Information Extraction from Contracts

With increased business activities and outsourcing, the number of contracts has exploded. InfoSys reports7 that 60%–80% of business transactions are governed by contracts and that an average Fortune 2000 company manages 20,000 to 40,000 active contracts at any given time. Valuable enterprise knowledge such as that regarding business risks, process dependencies, and customer relations is hidden in unstructured contract text.
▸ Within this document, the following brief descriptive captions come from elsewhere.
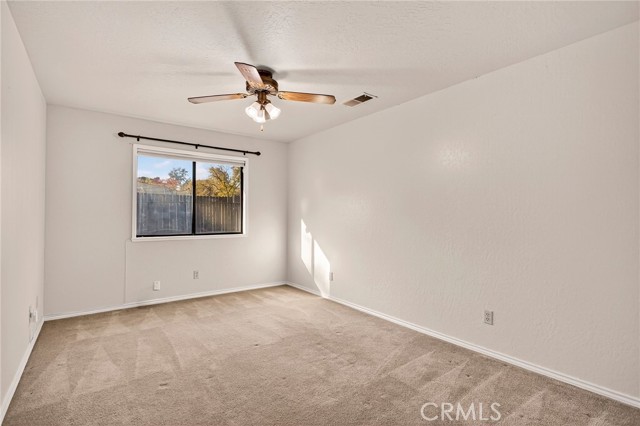 Detail Gallery Image 12 of 28 For 142 Honey Run Rd, Chico,  CA 95928 - 3 Beds | 2 Baths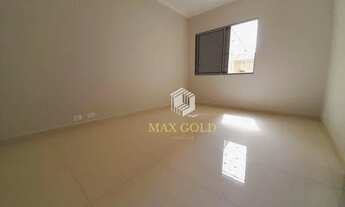 Imagem 5: Apartamento com 3 dormitórios à venda, 140 m² por R$ 480.000,00 - Centro - Taubaté/SP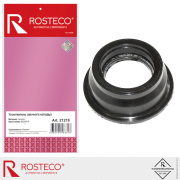 Rosteco 21218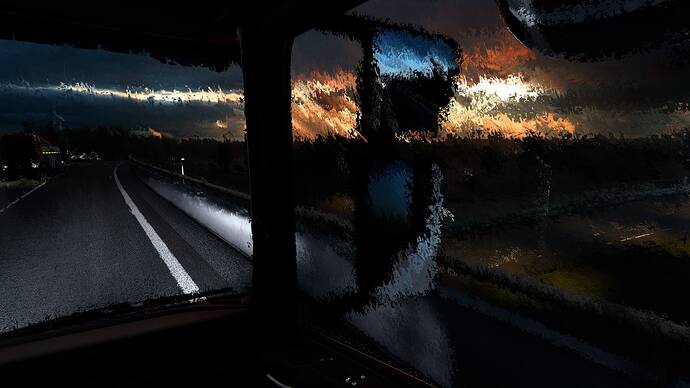 ets2_20250812_212528_00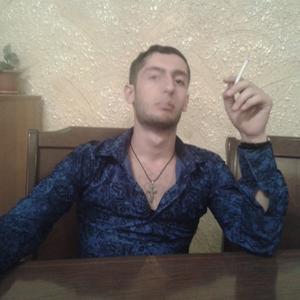 Harut, 31 год, Ереван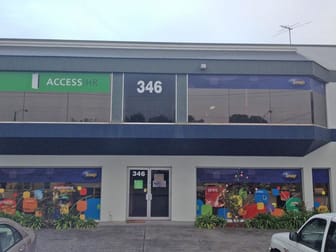 344-346 Ferntree Gully Road Notting Hill VIC 3168 - Image 2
Knowledge discovery involves finding patterns or novel information from large amount of data. We can apply knowledge discovery to sift through contract repository, discover the infor-mation of interest, and uncover hidden insights. Applying a hybrid of methods such as linguistic patterns, natural language processing, text classification, and topic modeling, we develop a tool called Contract Miner to extract and organize the information of interest from unstructured contract text with the objective of turning buried insights into actionable knowledge.

The information we aim to extract includes service exceptions, business events, temporal constraints, and normative relationships. Service exceptions are studied in the context of service engagements viewing contracts as the artifact for binding business services. Exceptions often pose risks for businesses. The most frequent risks in contractual relations are temporal violations such as late payment, product delivery delay, and financial default. Serving as the backbone of business transactions, business events encompass a wide range of domains such as legal actions, communications, and product services. We further automatically categorize the terms occurring in business events into topic clusters, each described by a vocabulary and centered on a theme. Business events are usually regulated by normative relationships that describe what a party is committed, authorized, or prohibited from taking an action and what it warrants as true. We consider the following types of normative relationships: dialectical commitment, practical commitment, power, authorization, prohibition, and sanction.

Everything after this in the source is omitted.